§ PROBLEM DESCRIPTION: Please give back exactly the line with "JnC Avocado Coffee" and each line after it through the end of the material, leaving out the pictures.

§ DATA SUPPLIED:
☆ ☆ ☆ ☆ ☆
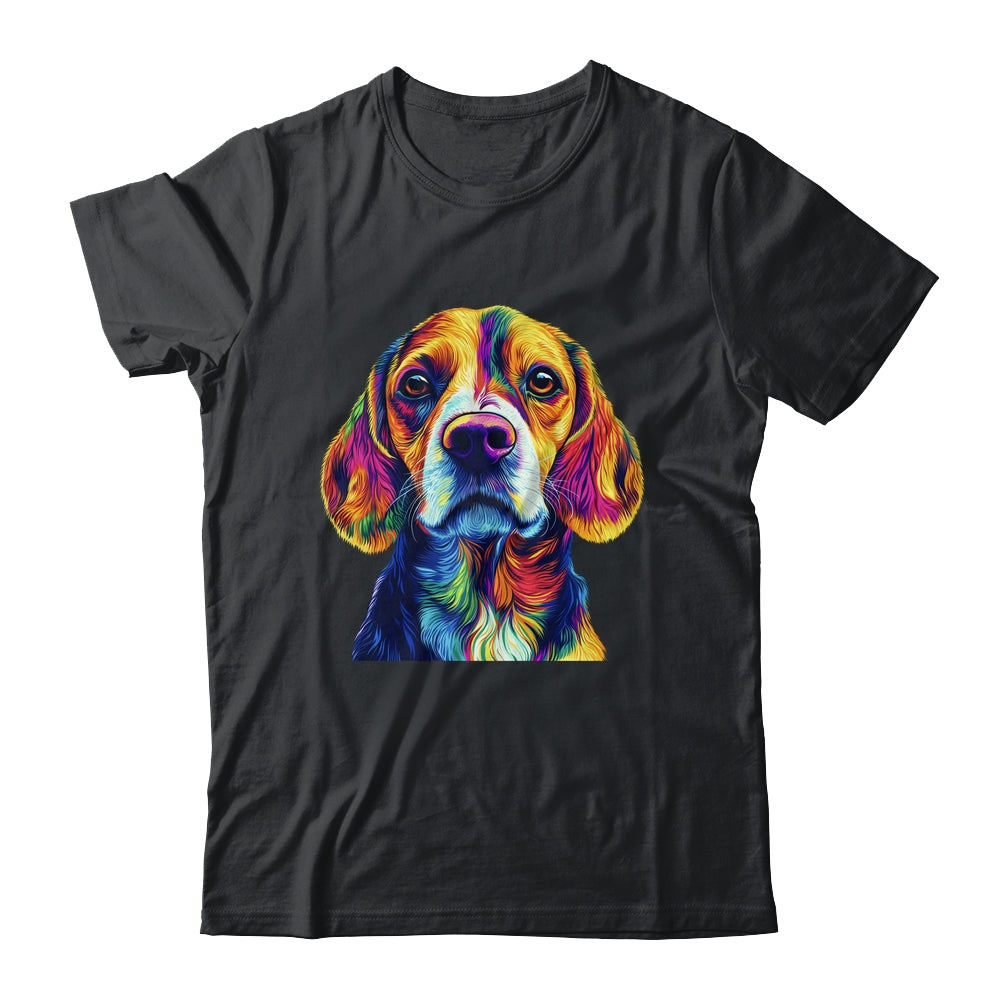 Beagle Dog Colorful Face Dog Lover Men Women Shirt & Tank Top | siriusteestore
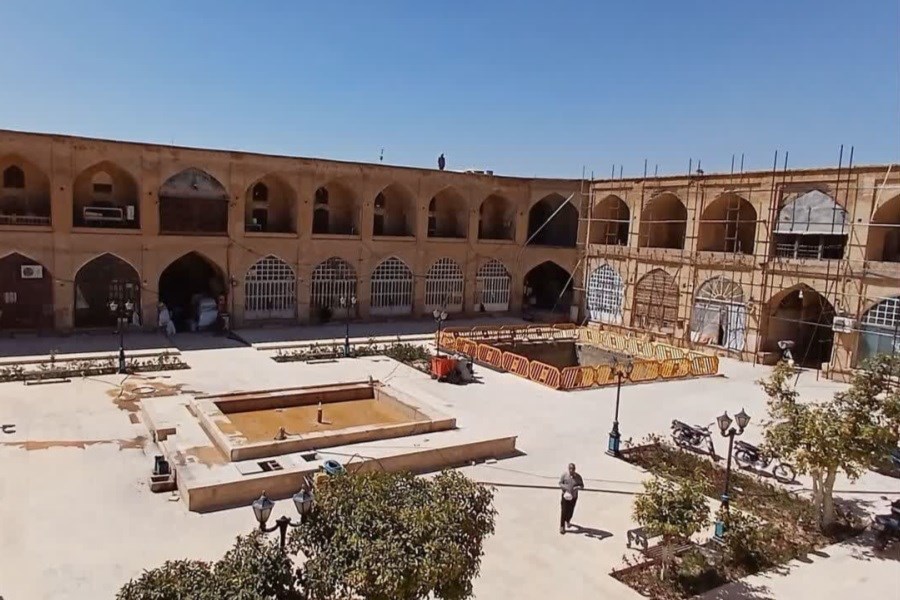 تصویر اتمام ‌مرمت سرای گمرک بازار وکیل شیراز
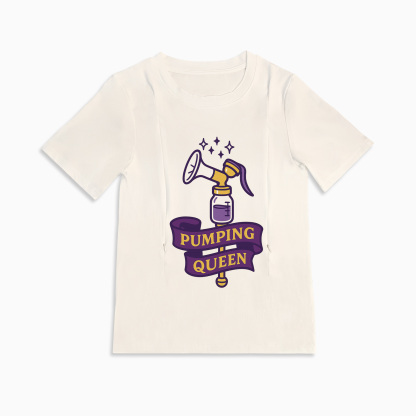 totkeeps Pumping Queen Tee | Funny Cotton Nursing & Pumping Shirt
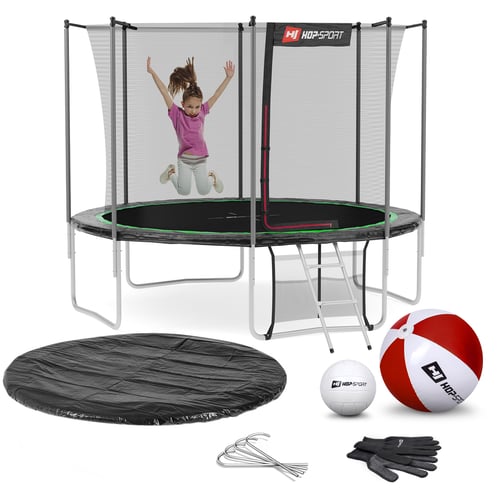 Garden Trampoline 10ft w/ Inner Safety Net - 4 Legs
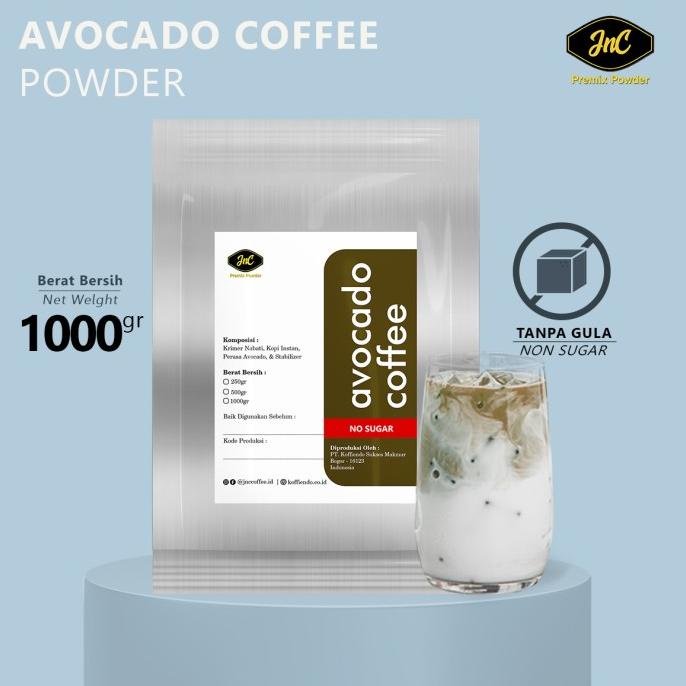 

JnC Avocado Coffee Tanpa Gula 1 KG / Bubuk Avocado Coffee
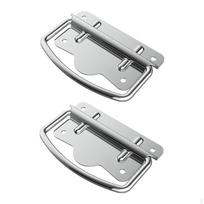 2 vnt. Sulankstomos rankenos, Spintelės kėlimo žiedai Traukimo rankena Aparatūros įrankių priedai Metalinės sulankstomos 8cmx5.5cm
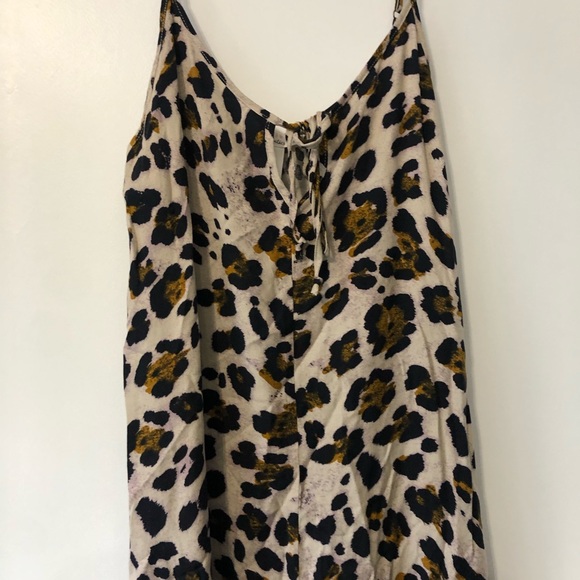 Urban Romantics Leopard Print Wide Leg Jumpsuit - Picture 7 of 8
☆ ☆ ☆ ☆ ☆
§ RESULT BELOW:
JnC Avocado Coffee Tanpa Gula 1 KG / Bubuk Avocado Coffee
 2 vnt. Sulankstomos rankenos, Spintelės kėlimo žiedai Traukimo rankena Aparatūros įrankių priedai Metalinės sulankstomos 8cmx5.5cm
 Urban Romantics Leopard Print Wide Leg Jumpsuit - Picture 7 of 8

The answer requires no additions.